--- Records for this task ---
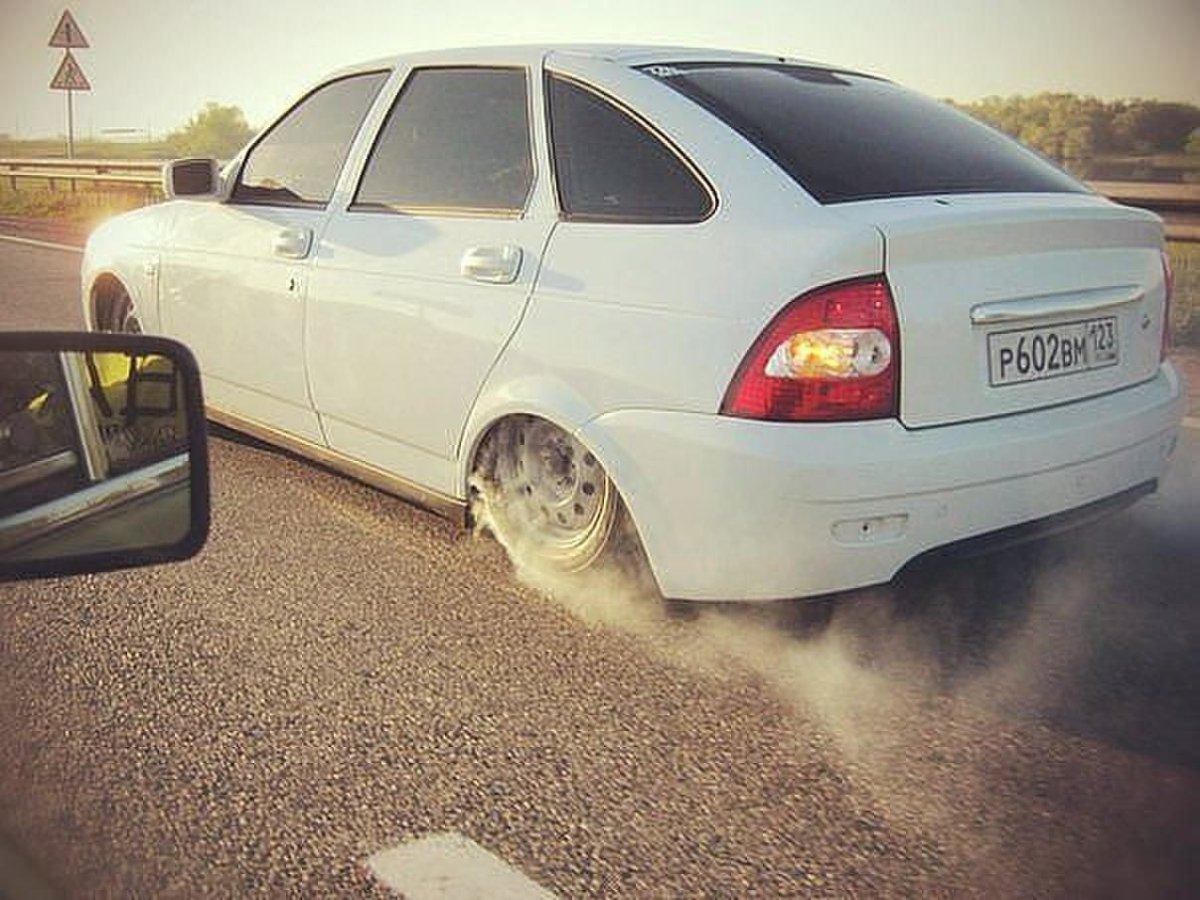 Дерзкая Приора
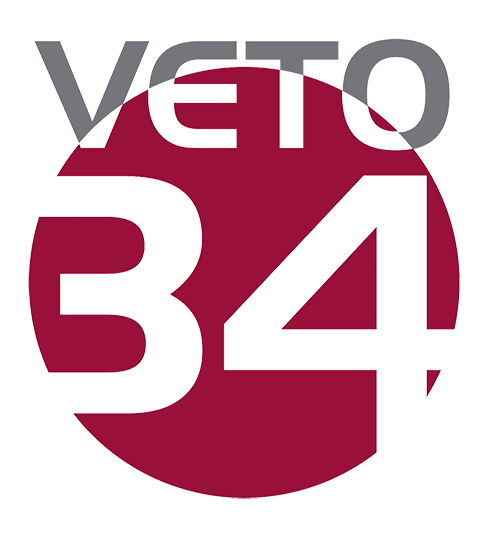 Logotype de la clinique vétérinaire Véto34, à le Perreux-sur-Marne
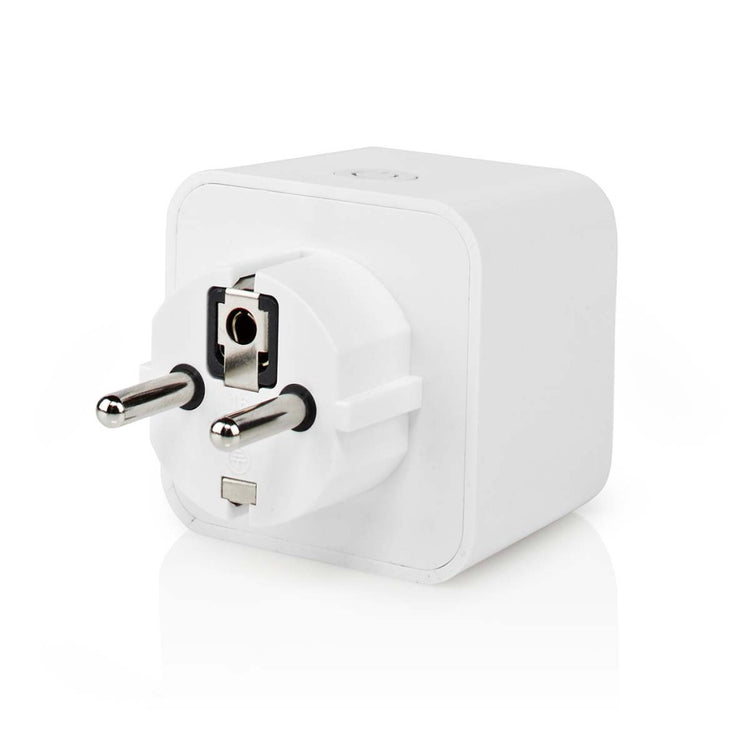 Nedis wifip131fwt smartlife fig wi -fi 1 pièces 3680 w type f (bee 7 3) -10 45 ° C Android ios blanc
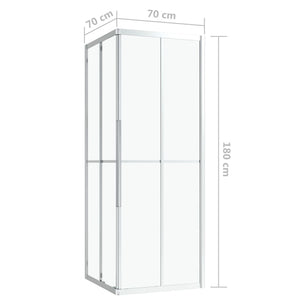 Καμπίνα Ντουζιέρας 70 x 70 x 180 εκ. από ESG
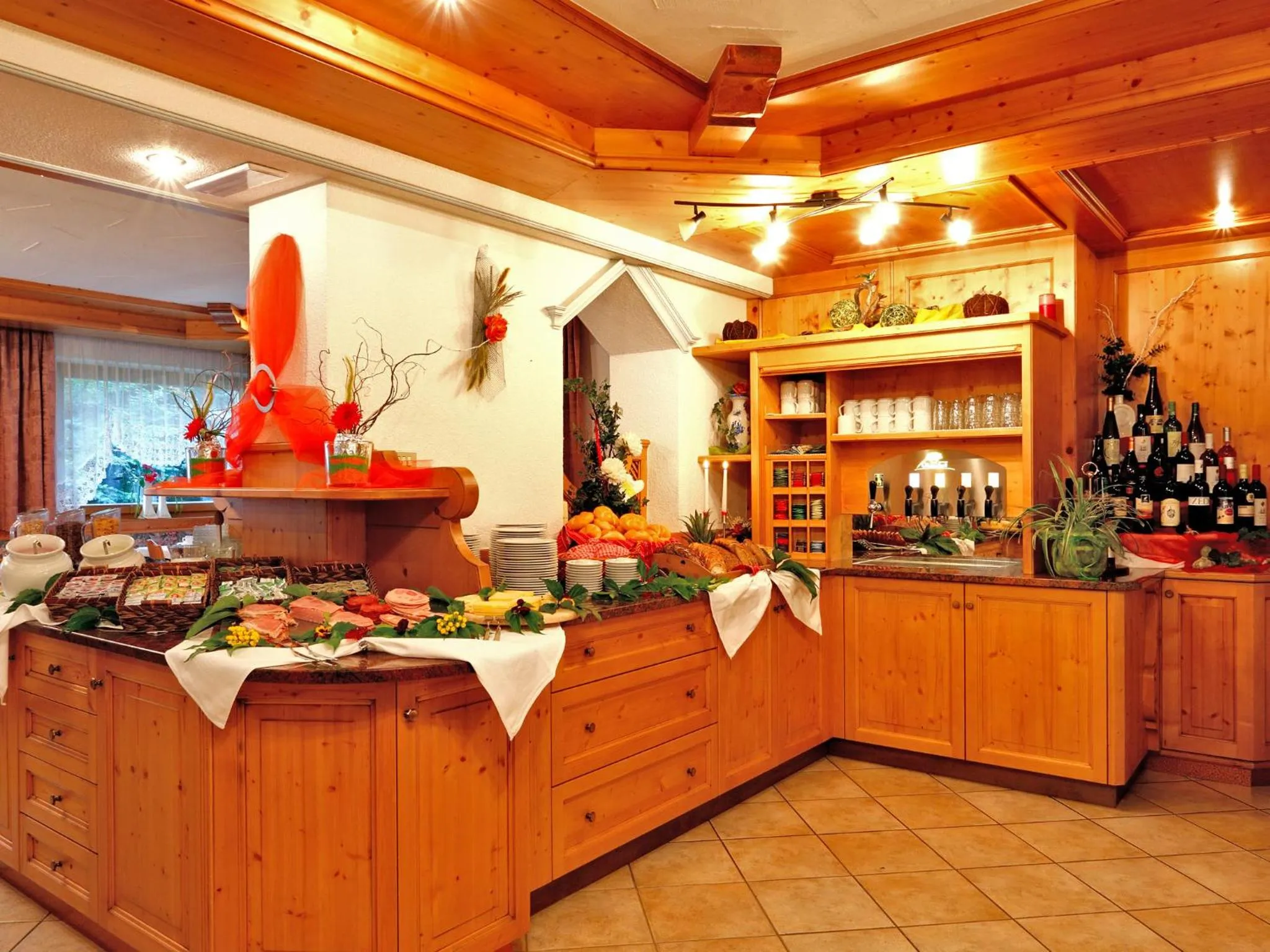 Restaurant/places to eat in Hotel Gisserhof - Dolomea Hotel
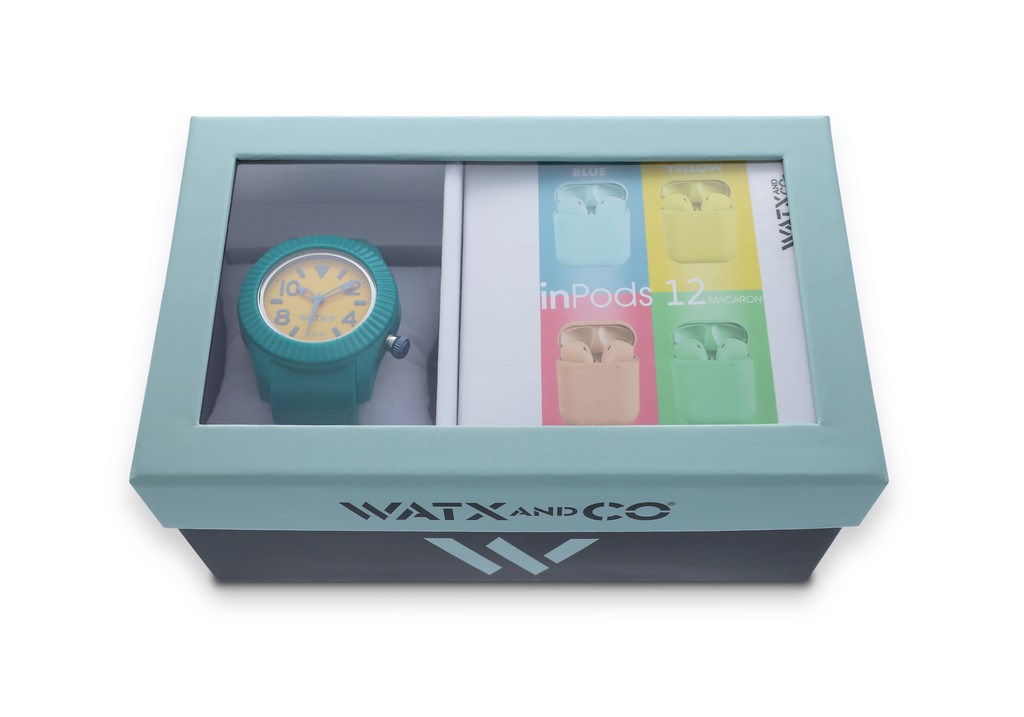 Relógio WATX & CO WATXMUSIC WAPACKEAR19_M#001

--- Your goal ---
Copy every record exactly; no pictures.

--- Solution ---
 Дерзкая Приора
 Logotype de la clinique vétérinaire Véto34, à le Perreux-sur-Marne
 Nedis wifip131fwt smartlife fig wi -fi 1 pièces 3680 w type f (bee 7 3) -10 45 ° C Android ios blanc
 Καμπίνα Ντουζιέρας 70 x 70 x 180 εκ. από ESG
 Restaurant/places to eat in Hotel Gisserhof - Dolomea Hotel
 Relógio WATX & CO WATXMUSIC WAPACKEAR19_M#001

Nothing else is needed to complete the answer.